Durante mi adolescencia nunca reparé en ella, era como si no hubiese estado ahí colgada recogiendo el polvo de esa época. Me percaté de su presencia hace dos años y unos días, cuando destrocé los nudillos de mi mano derecha pegándole un jab a la pared. La furia que me llevó a lanzar aquel piñazo llegó en la noche, después de intentar infructuosamente encontrar refugio en unas cervezas. El día se me había ido en nada.
Antes, en la mañana, había salido a correr. En ese tiempo estaba pasado de peso y eso me tenía con la autoestima baja. Corría todas los días un tramo bastante largo del malecón de La Habana sin que mi cuerpo viera la más mínima incidencia de aquel esfuerzo físico y mental.
Por alguna razón que no recuerdo, aquella mañana terminé de correr pronto.
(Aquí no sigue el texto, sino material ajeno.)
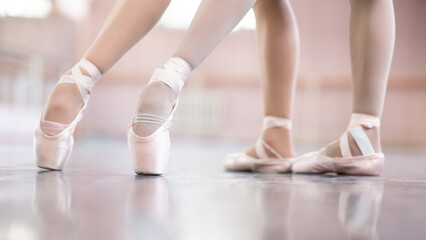 Close-up of the legs of two ballerinas in pointe shoes in a dance class.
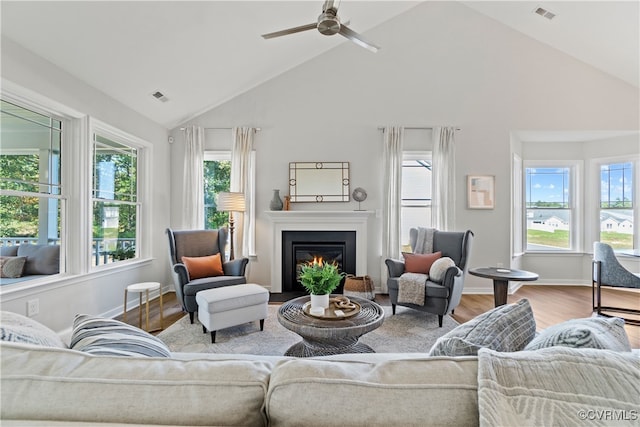 living room featuring light wood-type flooring, high vaulted ceiling, and ceiling fan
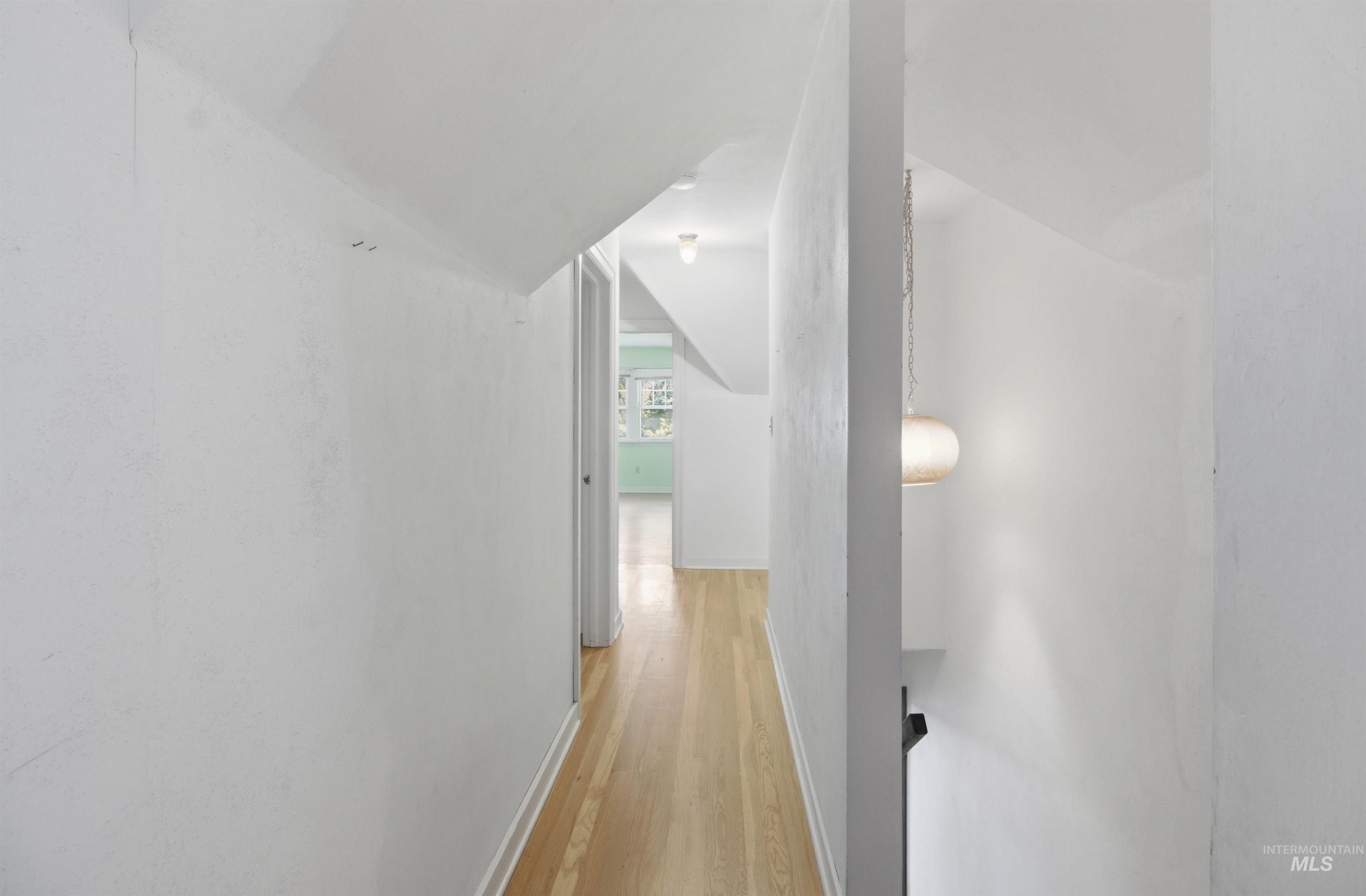 1117 East 6th Street Moscow, ID 83843 - Photo 35 of 46 Hallway with light wood-style floors and vaulted ceiling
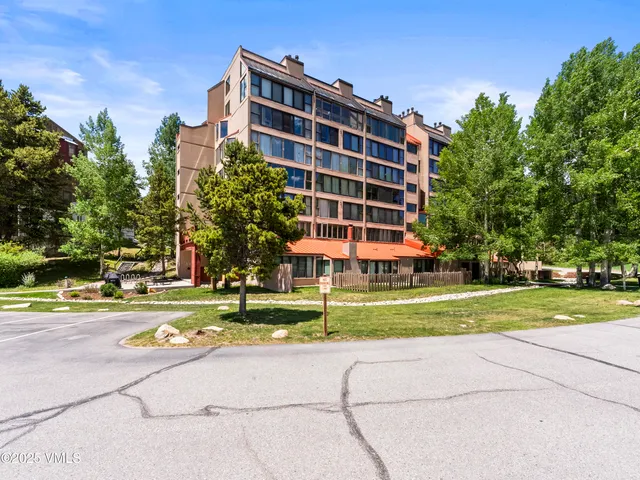 a front view of building with yard and trees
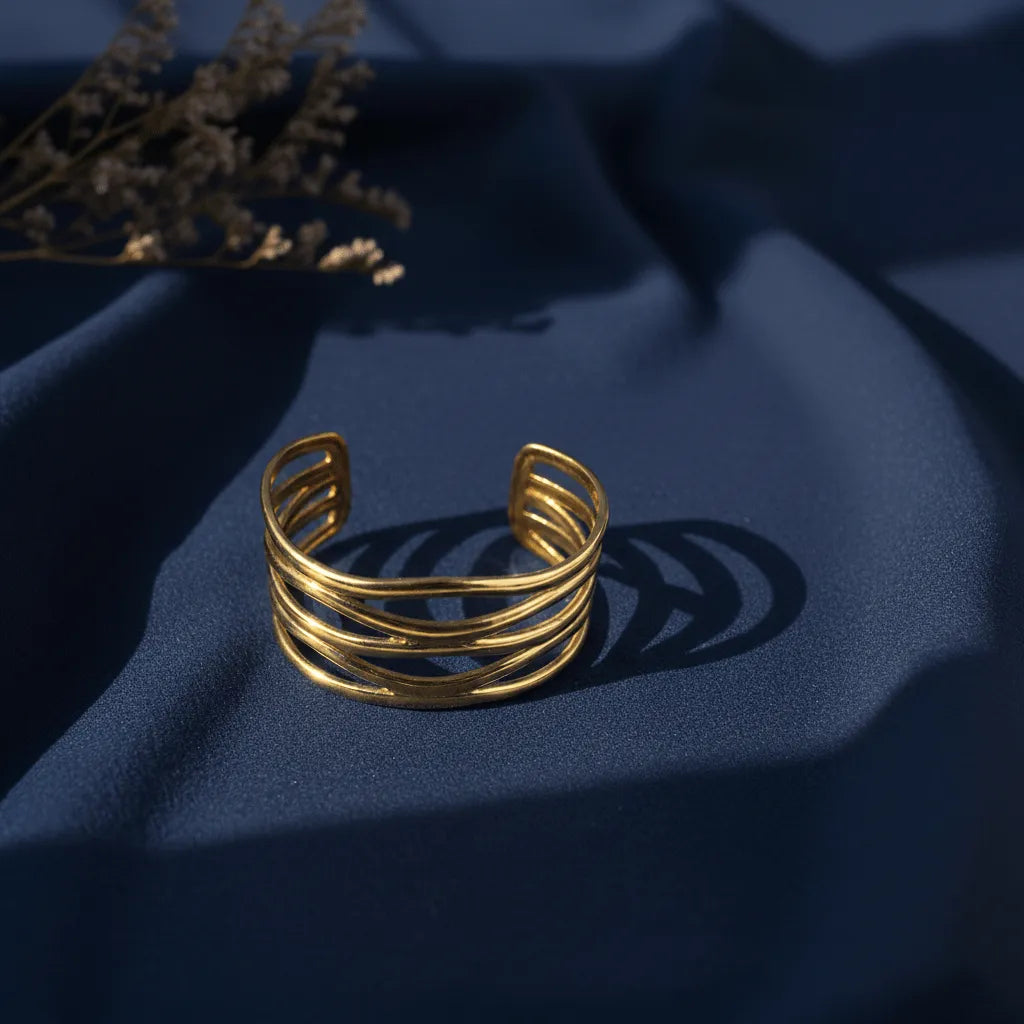 This Golden Spiral Cuff for women, designed with multiple twisted loops that gives a classy look. 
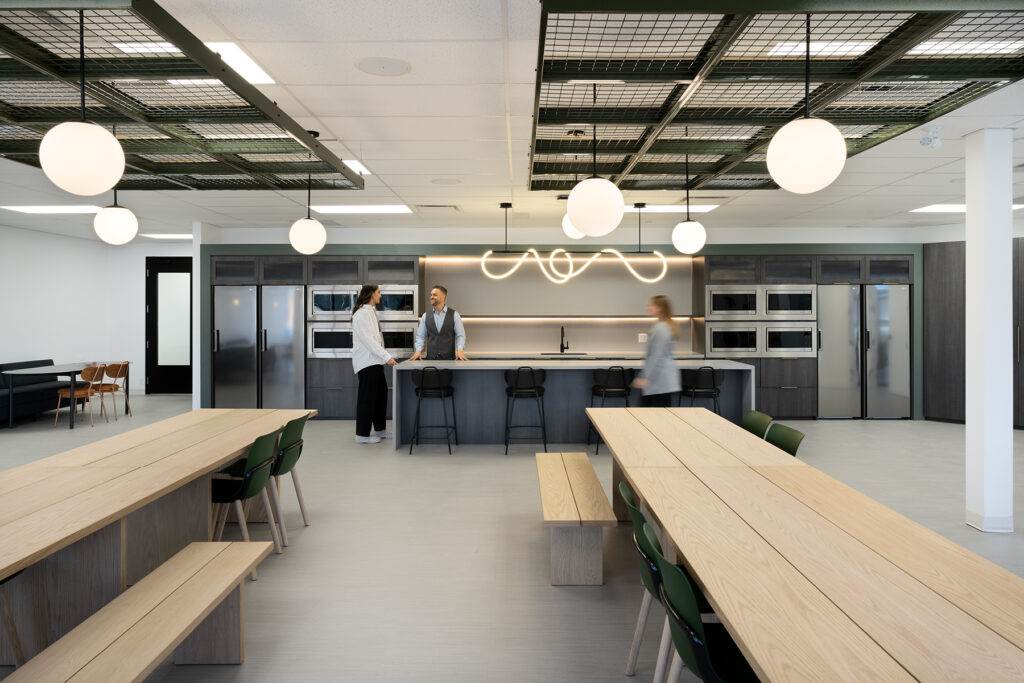 Modern office kitchen and dining area with wooden tables, pendant lights, and employees interacting.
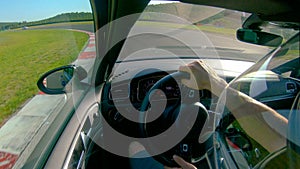CLOSE UP: Man wearing a helmet races his fast car along the fun racetrack.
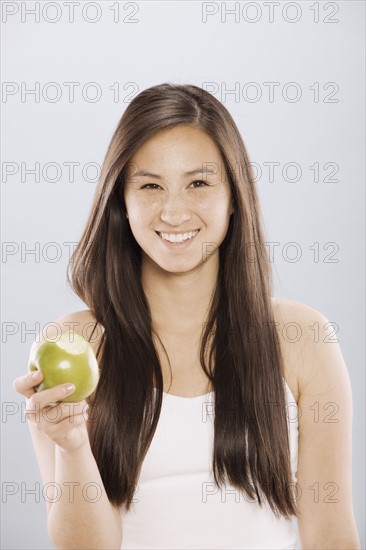 Brunette woman holding an apple. Photo : FBP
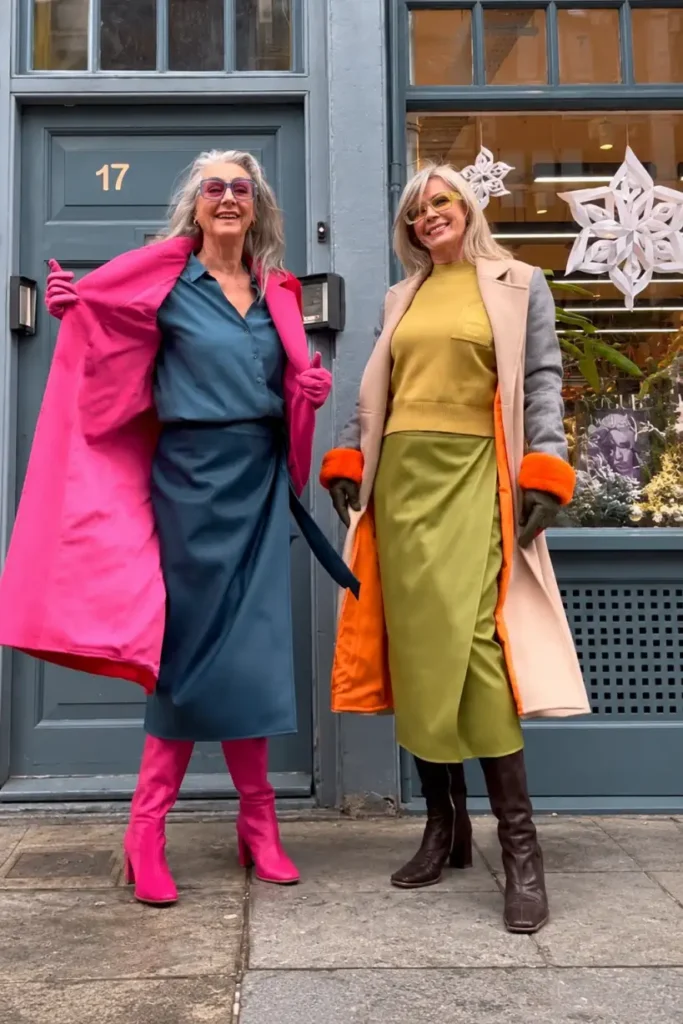 Two stylish women over 50 wearing colorful winter outfits featuring a hot-pink coat with teal dress and boots, and a cream coat with yellow knit and olive skirt.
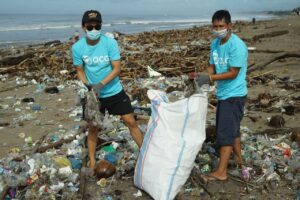 Two men picking plastics in the ocean 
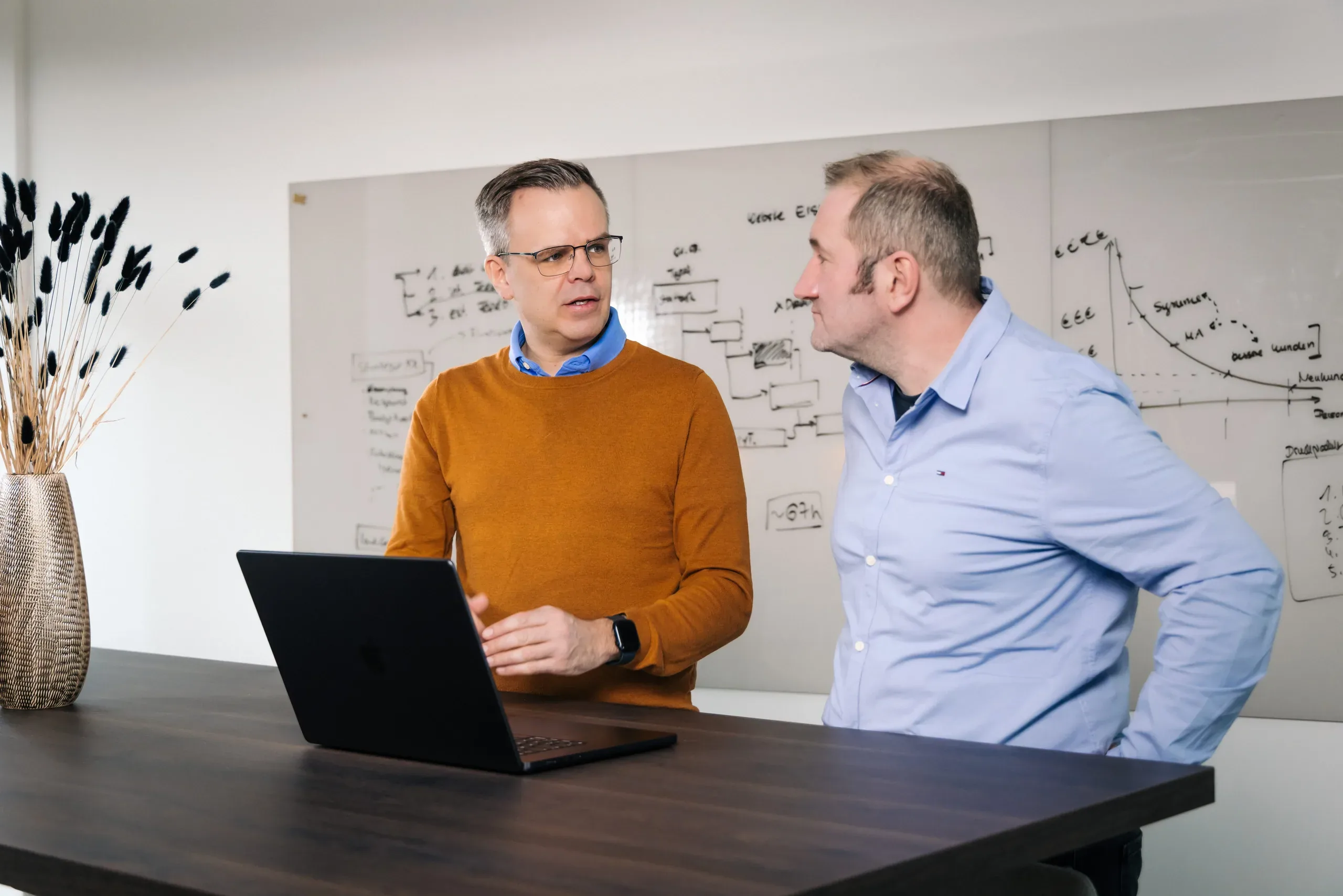 Zwei Kollegen besprechen Kursdaten am Laptop in der Küchenecke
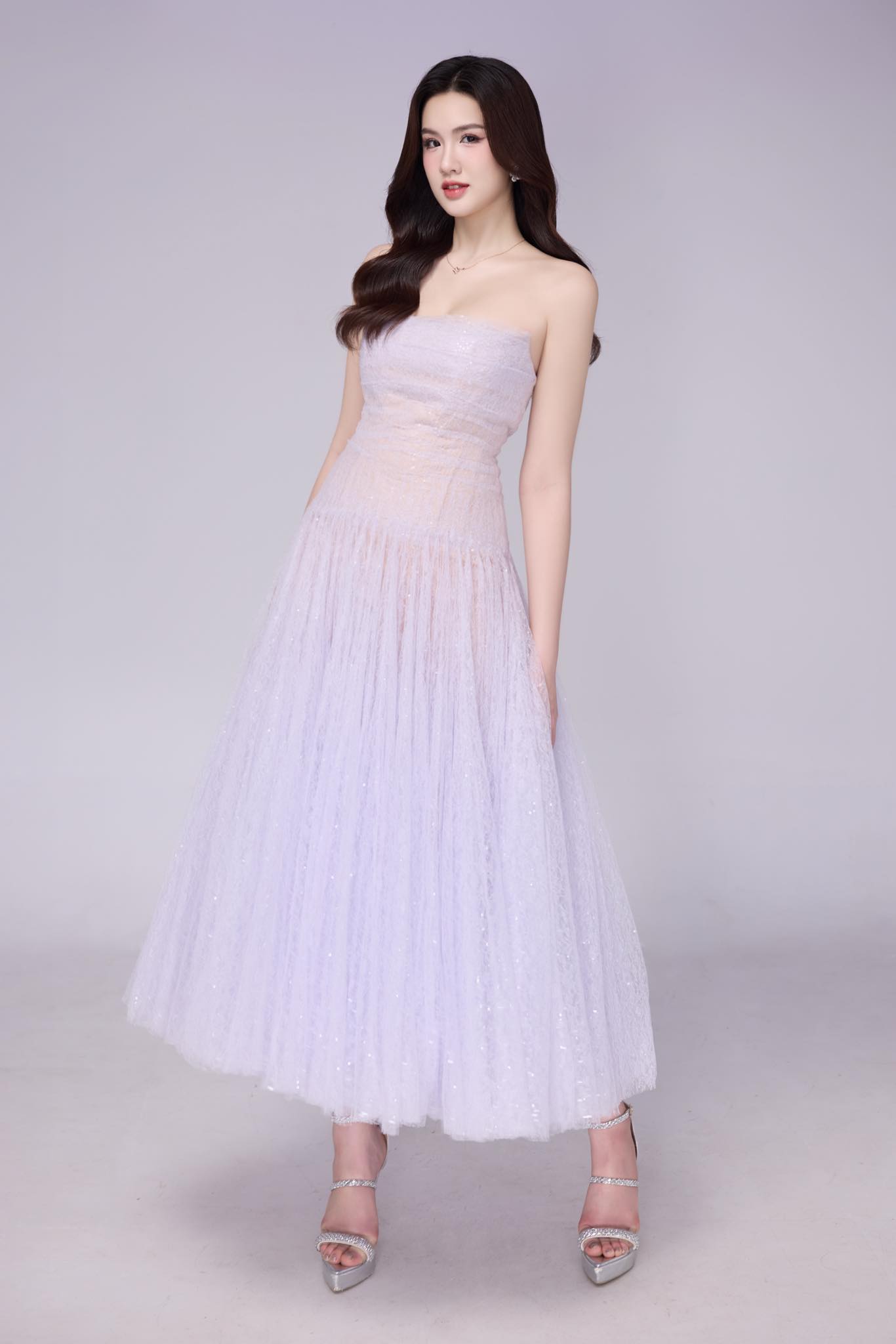 Á hậu Trịnh Mỹ Anh ghi điểm với vẻ đẹp thanh thoát trong chiếc đầm pastel ánh tím nhạt. Thiết kế cúp ngực, chất liệu voan lấp lánh cùng phần váy xòe nhẹ giúp tôn dáng và tăng nét nữ tính, sang trọng.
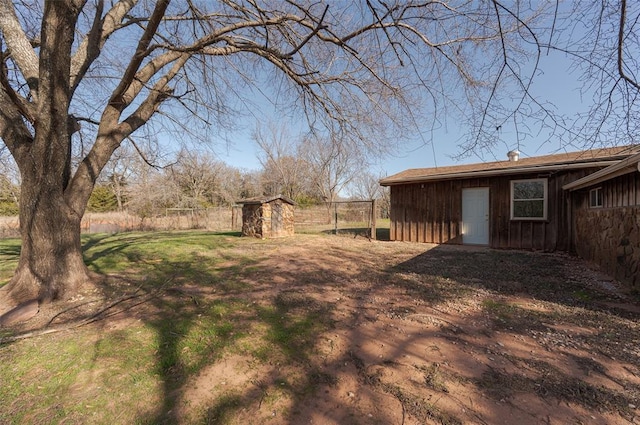 view of yard featuring fence, an outdoor structure, and a shed
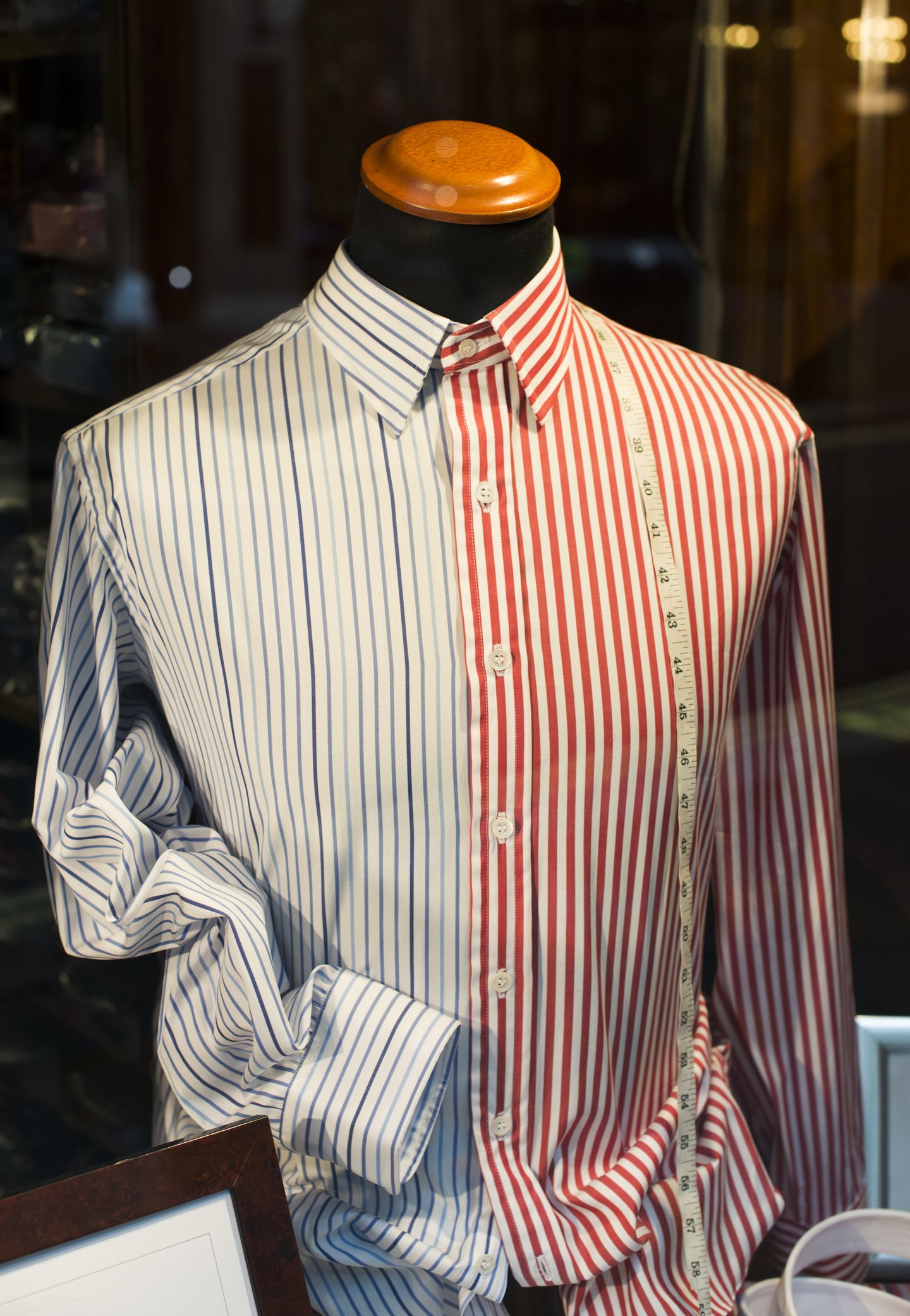 A mannequin wearing a button-up shirt with red and white vertical stripes on the right side and blue and white vertical stripes on the left side, with a measuring tape draped over the shoulder.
No estaba tan empapado en sudor como de costumbre cuando sonó el teléfono. “Abraham, puedes venir a firmar tu baja”, me dijeron desde otro lado de la línea.
Colgué y unos segundos después me descubrí temblando. Me invadió una sensación de vértigo. Había esperado tanto ese día que, ahora que estaba ahí, no sabía cómo reaccionar. Creo que a lo único que atiné fue a llamar a mis padres y contarles la noticia.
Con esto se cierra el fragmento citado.